Closed Bug 1274929 Opened 8 years ago Closed 8 years ago

No tests executed on all branches via taskcluster (hanging queue service)

Categories

(Taskcluster :: Services, defect)

defect
Not set
blocker

Tracking

(Not tracked)

RESOLVED FIXED

People

(Reporter: whimboo, Assigned: jonasfj)

References

Details

Any test job for linux64 debug on mozilla-inbound via taskcluster stopped working on Sunday:

https://treeherder.mozilla.org/#/jobs?repo=mozilla-inbound&fromchange=d53726702252f8dea95878c721f8b2f652accb89&filter-searchStr=linux%20x64%20debug&selectedJob=28388961

The last successful push with all the tests executed is 8978551c29be on Sunday 2:42pm UTC.
I want to note that the decision graph contains all the test tasks but somehow those are not getting executed.

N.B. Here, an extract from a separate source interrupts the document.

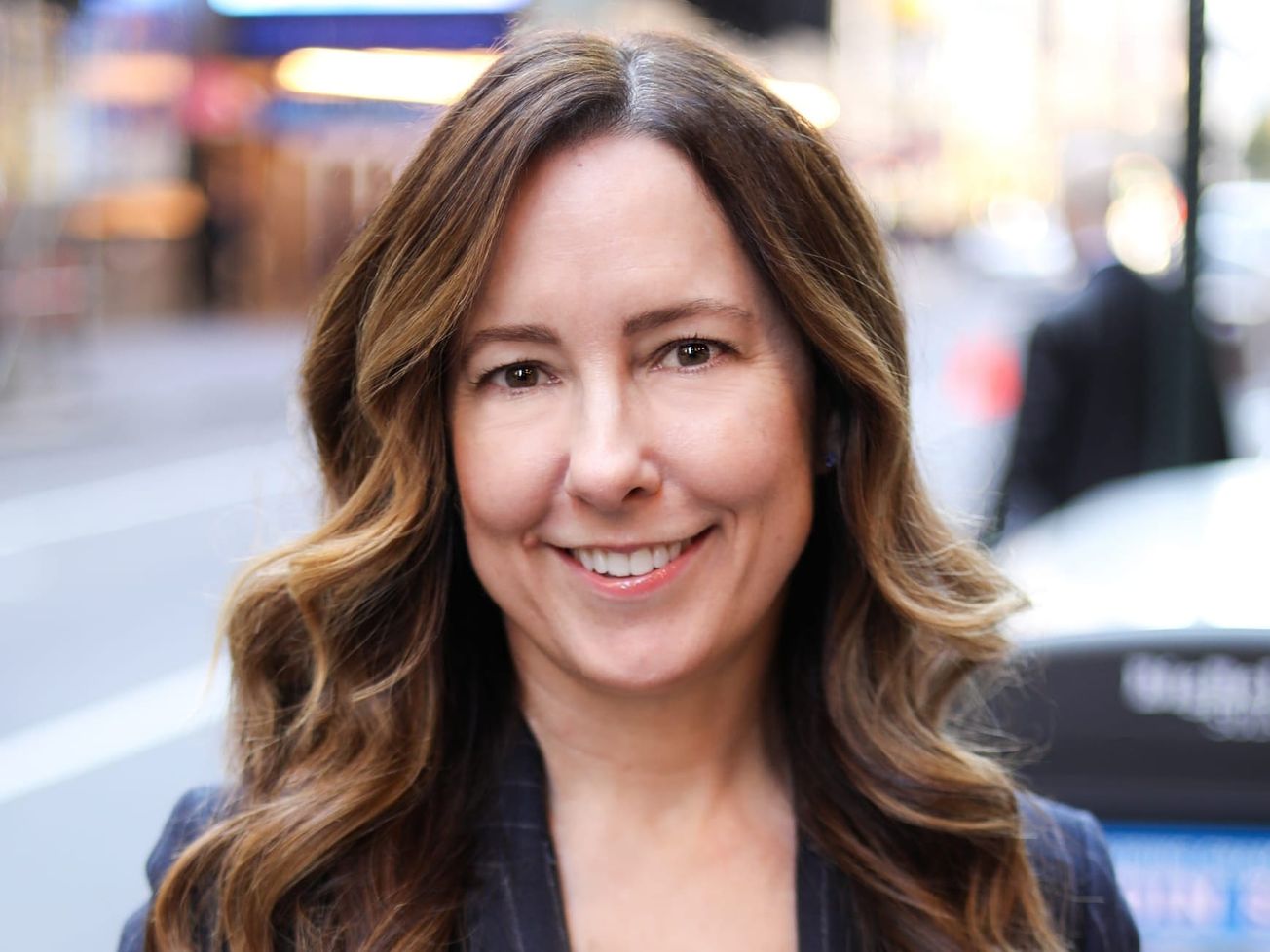 Nicole Kastrinos to join Lincoln Center Theater in new staff role of producer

https://queue.taskcluster.net/v1/task/Bp8nVESeS-eZ1Q-awNzXug/runs/0/artifacts/public%2Ftask-graph.json
Component: Task Configuration → Integration
Looks like all integration branches are affected (including fxteam, try).
Summary: No tests executed on mozilla-inbound via taskcluster for linux64 debug → No tests executed on integration brances via taskcluster for linux64 debug
Summary: No tests executed on integration brances via taskcluster for linux64 debug → No tests executed on integration branches via taskcluster for linux64 debug
Peter pointed me to the new docs for the task graphs:
http://gecko.readthedocs.io/en/latest/taskcluster/taskcluster/taskgraph.html#graph-generation

Maybe this is related to the optimized task graph, which seem to be new?
I've called Dustin (it is 6:20am for him now - poor guy!) and left a message. I think we'll need to pull in the big guns to get this one resolved swiftly.
its tree closing for try, mozilla-inbound and fx-team so a blocker :(
Severity: normal → blocker
(In reply to Henrik Skupin (:whimboo) from comment #4)
> Maybe this is some kind of corruption? The task group ids are different for
> the decision task and the build task. Take this example:
> 
> https://treeherder.mozilla.org/#/jobs?repo=mozilla-
> inbound&revision=fe1a7608cfd77794732ce6d1f9a2ee7cc33e213f
> 
> Decision task:
> https://tools.taskcluster.net/task-inspector/#QbKLAN91QPy0XhxdSQA0zw/
> Build task:
> https://tools.taskcluster.net/task-inspector/#WYbksZGMS-OwGgaJu2KCYQ/
> 
> https://tools.taskcluster.net/task-graph-inspector/#KW6IBRtITDKC6BgohfuHVw/
> https://tools.taskcluster.net/task-graph-inspector/#ccrp678YT-6oFADQDB8meA/
> 
> KW6IBRtITDKC6BgohfuHVw != ccrp678YT-6oFADQDB8meA
> 
> Not sure where ccrp678YT-6oFADQDB8meA is getting from.

Right now there is a transition in how task graphs are being scheduled.  Previously, they were scheduled as part of the same graph as the decision task and they were done so in bulk through the taskcluster scheduler.

The new heavior is for the decision task to create each of these tasks within the Taskcluster queue that all share the same "task group id" (no longer "graph"), and the dependencies are defined within the task definition itself rather than a larger graph.  When this happens, the decision tasks creates a task group id which is different than the task graph ID the decision task has.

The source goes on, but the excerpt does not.